Work request |
Each entry is to be output precisely as it appears.

Provided records |

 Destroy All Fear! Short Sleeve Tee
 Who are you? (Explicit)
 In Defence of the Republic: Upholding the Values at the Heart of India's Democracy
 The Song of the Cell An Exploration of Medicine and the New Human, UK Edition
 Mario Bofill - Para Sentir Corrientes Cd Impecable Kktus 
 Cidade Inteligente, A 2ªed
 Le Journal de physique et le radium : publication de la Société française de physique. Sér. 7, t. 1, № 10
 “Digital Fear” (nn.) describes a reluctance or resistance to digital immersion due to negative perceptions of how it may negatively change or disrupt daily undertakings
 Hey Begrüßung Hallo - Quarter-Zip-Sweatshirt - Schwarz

Task answer |
 Destroy All Fear! Short Sleeve Tee
 Who are you? (Explicit)
 In Defence of the Republic: Upholding the Values at the Heart of India's Democracy
 The Song of the Cell An Exploration of Medicine and the New Human, UK Edition
 Mario Bofill - Para Sentir Corrientes Cd Impecable Kktus 
 Cidade Inteligente, A 2ªed
 Le Journal de physique et le radium : publication de la Société française de physique. Sér. 7, t. 1, № 10
 “Digital Fear” (nn.) describes a reluctance or resistance to digital immersion due to negative perceptions of how it may negatively change or disrupt daily undertakings
 Hey Begrüßung Hallo - Quarter-Zip-Sweatshirt - Schwarz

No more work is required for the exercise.